We identified 3 columns with missing values (~3% of data) in notebook 00.
Since the missing percentage is low and data loss is acceptable, we will remove rows with any missing values.
This ensures all features and targets are complete for modeling.

The affected features are closely related physicochemical descriptors (logP, hydrophobicity, polar surface area), 
and missing values likely reflect incomplete molecular property computation rather than random data loss. 
Dropping rows preserves chemical validity and prevents introducing noise through imputation.

In [4]:
print("=" * 60)
print("MISSING VALUE HANDLING")
print("=" * 60)

# Identify missing values
missing_count = df.isna().sum()
missing_pct = (df.isna().mean() * 100)

missing_report = pd.DataFrame({
    "column": missing_count.index,
    "missing_count": missing_count.values,
    "missing_pct": missing_pct.values
}).sort_values("missing_count", ascending=False)

missing_nonzero = missing_report[missing_report["missing_count"] > 0]

print(f"\nColumns with missing values:")
display(missing_nonzero)

print(f"\nStrategy: Drop rows with missing values (only 3% of data affected)")
df_clean = df.dropna()
print(f"Rows before: {len(df)}")
print(f"Rows after:  {len(df_clean)}")
print(f"Rows removed: {len(df) - len(df_clean)}")

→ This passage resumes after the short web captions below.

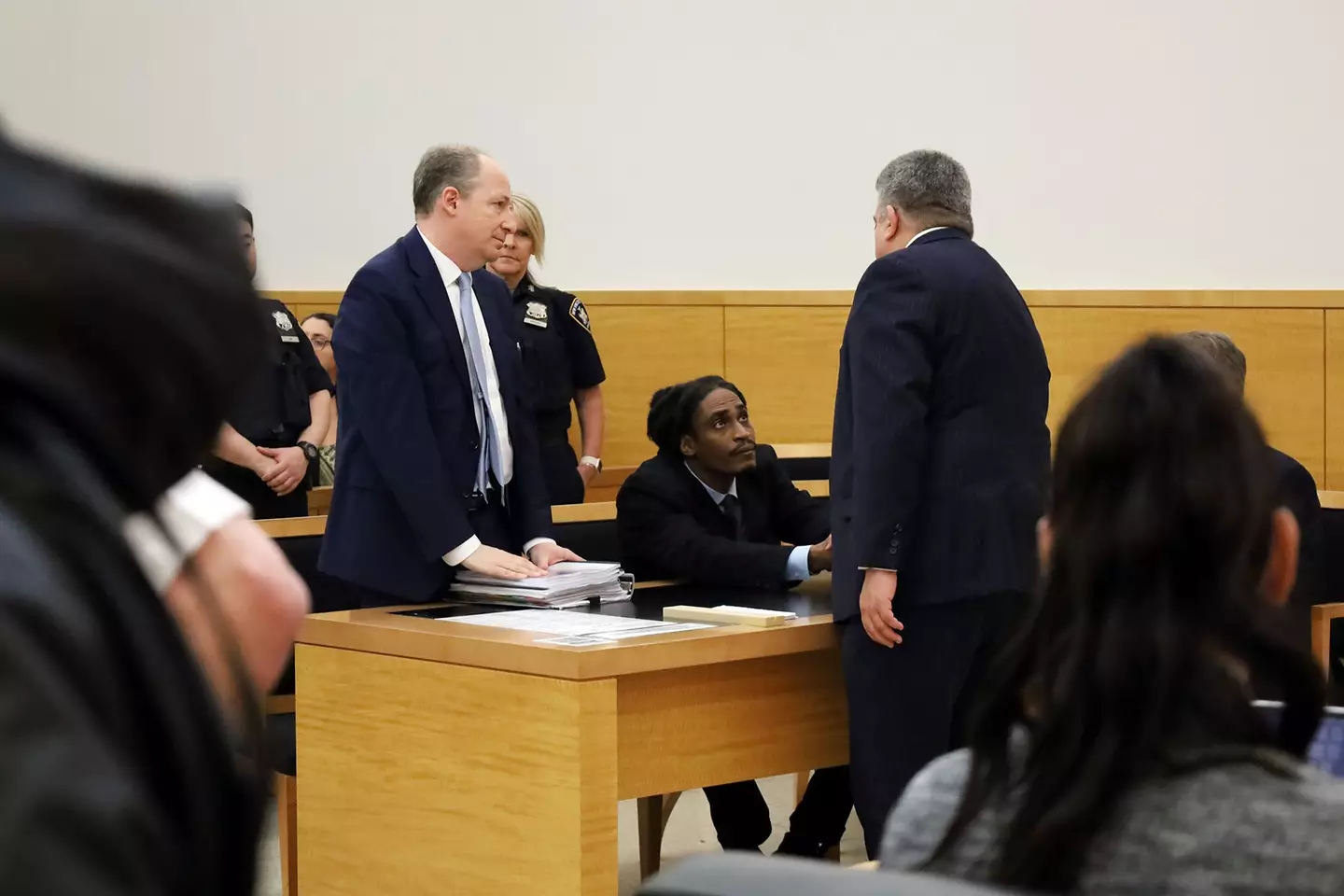 Sheldon is now a free man.
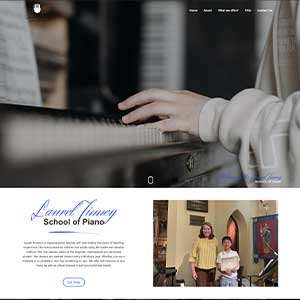 LT Piano School logo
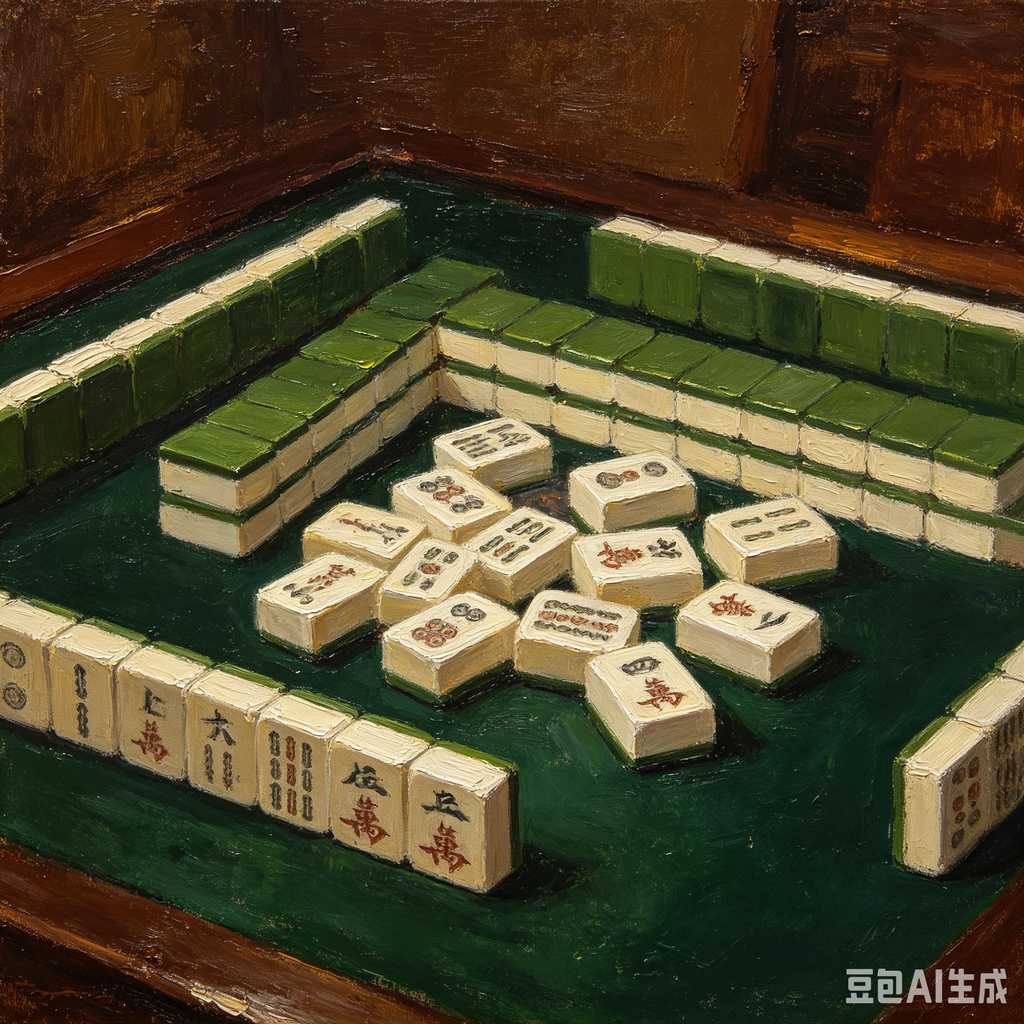 custom gift mahjong set bulk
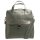Exacompta Laptop-Rucksack Lady Exactive Leder grau bis 35,6 cm (14 Zoll)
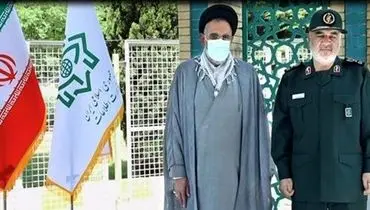 سرلشکر سلامی: موفقیت‌‌های وزارت اطلاعات موجب خوشحالی همه پاسداران است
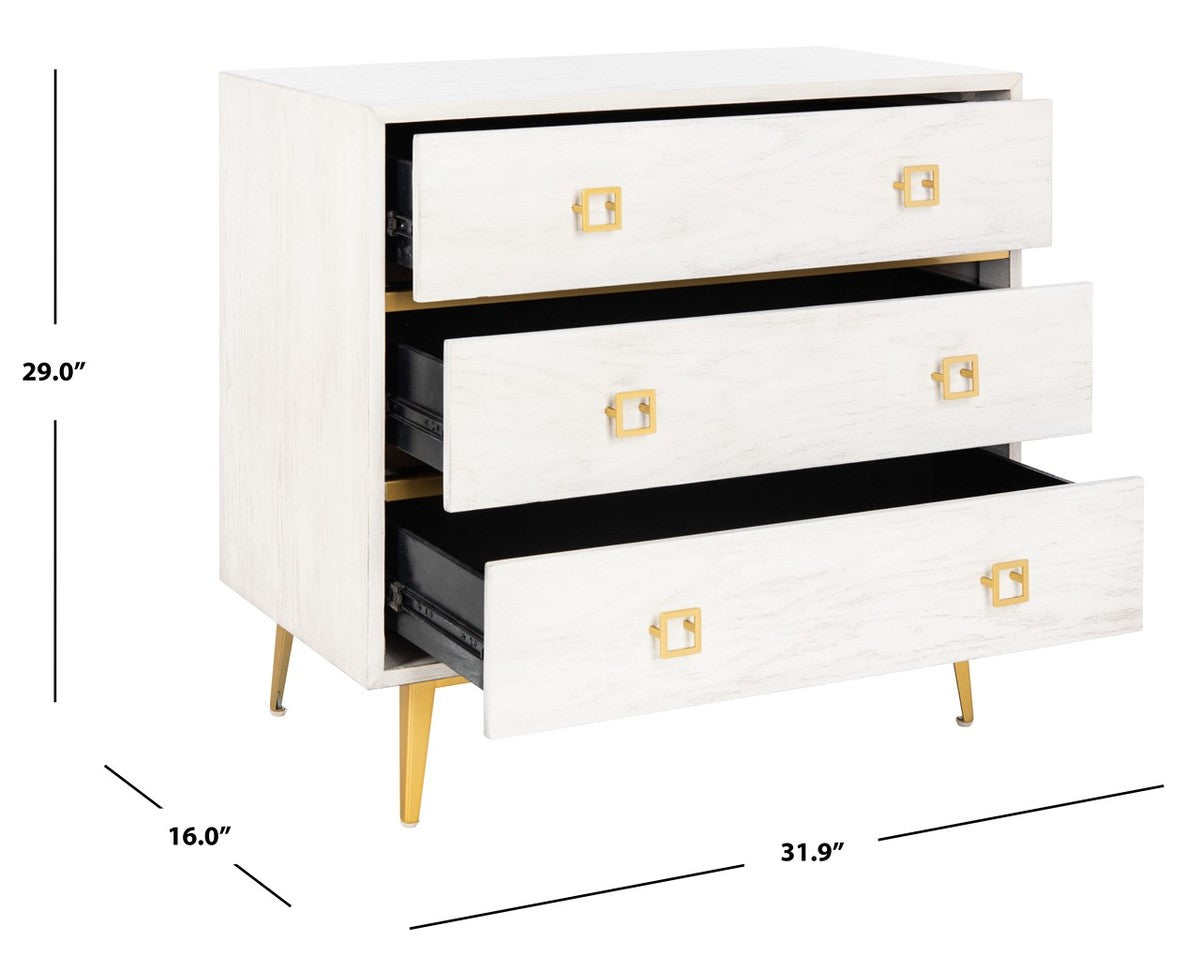 Katia 3 Drawer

# Verify no missing values remain
print(f"\nMissing values after cleaning: {df_clean.isna().sum().sum()}")

MISSING VALUE HANDLING

Columns with missing values:


Unnamed: 0,column,missing_count,missing_pct
3,logp,60,3.0
11,hydrophobicity,60,3.0
7,polar_surface_area,60,3.0



Strategy: Drop rows with missing values (only 3% of data affected)
Rows before: 2000
Rows after:  1826
Rows removed: 174

Missing values after cleaning: 0